* WHAT IS NEEDED: The reply should be the records repeated exactly, without any images.

RECORD EXCERPTS section start

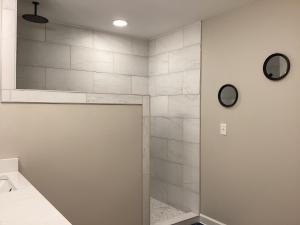 a bathroom with a shower with a glass door at Pickwick Dreams in Counce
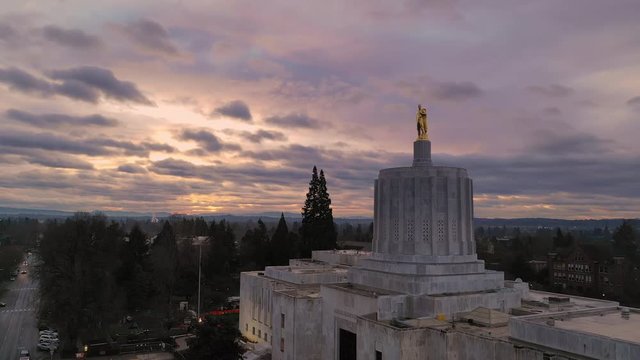Morning Traffic Passes the Oregon Pioneer atop the Capital Building Salem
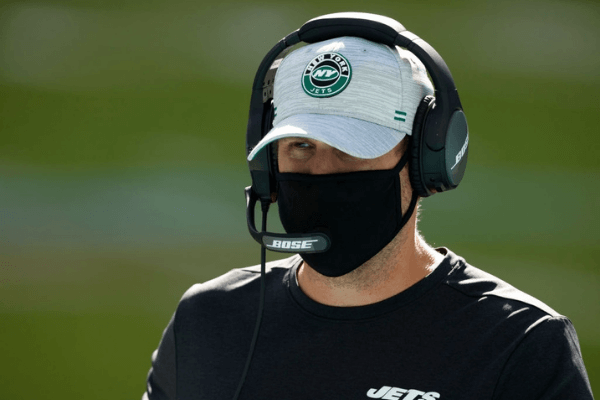 Head coach Adam Gase of the New York Jets looks on from the field during pre-game warm-up at Hard Rock Stadium on October 18, 2020 in Miami Gardens, Florida.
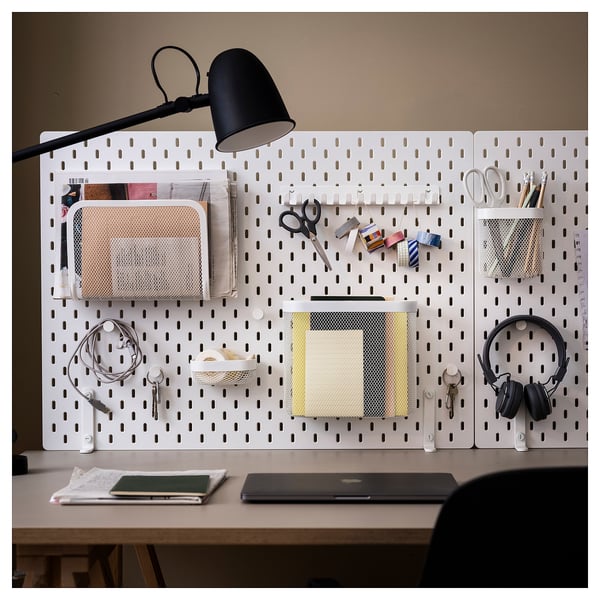 SKÅDIS white pegboard with accessories: lamp, scissors, headphones, mesh organisers. Organised home office setup.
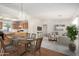Bright living room boasts an open floor plan, wood floors, and modern decor at 11033 E Keats Ave, Mesa, AZ 85209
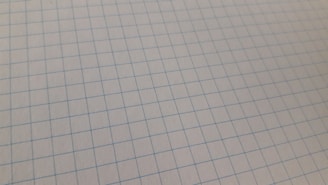 Close-up of a student sketching geometric shapes on graph paper.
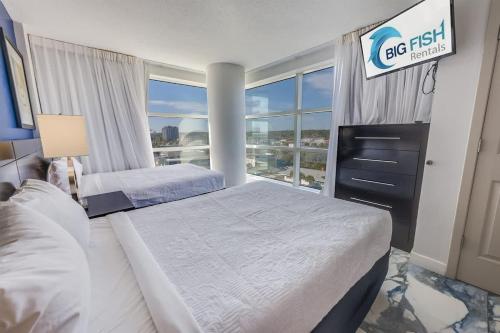 a hotel room with two beds and a window at Amazing Oceanfront 2BR condo with pools and views in Myrtle Beach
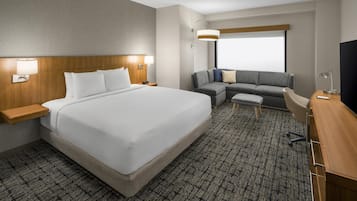 A hotel room with a large bed, a sofa, a desk, and a TV.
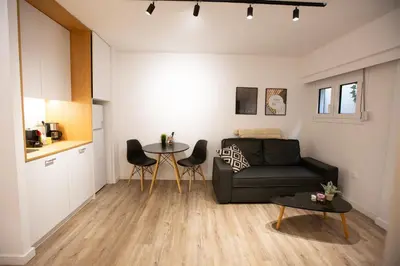 a living room with a couch and a table at Plaka With Acropolis Rooftop View Access in Athens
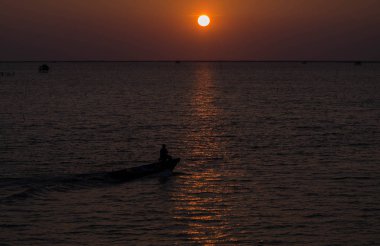 Gün doğumunda ya da batımında denizde yüzen küçük tekneler.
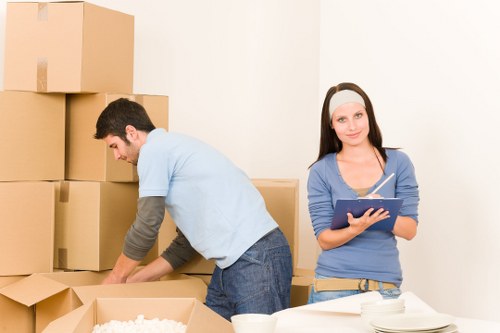 Prepared boxes and furniture ready for man and van transport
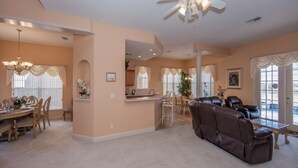 A spacious living room with a brown leather sofa, a dining area with wooden chairs, and a kitchen in the background. - Magical Villa with pool and spa in quiet community (Davenport)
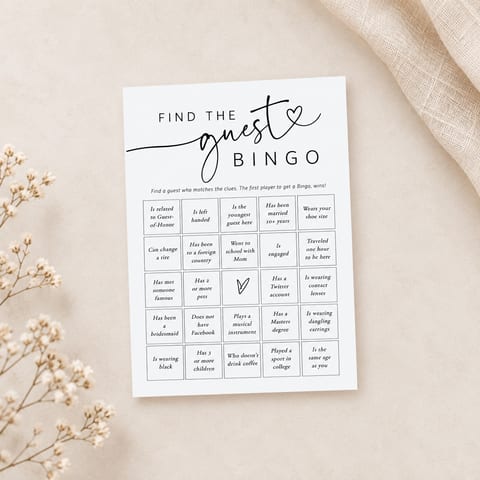 Minimal wedding shower “Find the Guest Bingo” printable card on a soft beige background with dried flowers and neutral linen fabric.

RECORD EXCERPTS section end

* RESULT BELOW:
 a bathroom with a shower with a glass door at Pickwick Dreams in Counce
Morning Traffic Passes the Oregon Pioneer atop the Capital Building Salem
 Head coach Adam Gase of the New York Jets looks on from the field during pre-game warm-up at Hard Rock Stadium on October 18, 2020 in Miami Gardens, Florida.
 SKÅDIS white pegboard with accessories: lamp, scissors, headphones, mesh organisers. Organised home office setup.
Bright living room boasts an open floor plan, wood floors, and modern decor at 11033 E Keats Ave, Mesa, AZ 85209
 Close-up of a student sketching geometric shapes on graph paper.
 a hotel room with two beds and a window at Amazing Oceanfront 2BR condo with pools and views in Myrtle Beach
 A hotel room with a large bed, a sofa, a desk, and a TV.
 a living room with a couch and a table at Plaka With Acropolis Rooftop View Access in Athens
 Gün doğumunda ya da batımında denizde yüzen küçük tekneler.
 Prepared boxes and furniture ready for man and van transport
 A spacious living room with a brown leather sofa, a dining area with wooden chairs, and a kitchen in the background. - Magical Villa with pool and spa in quiet community (Davenport)
 Minimal wedding shower “Find the Guest Bingo” printable card on a soft beige background with dried flowers and neutral linen fabric.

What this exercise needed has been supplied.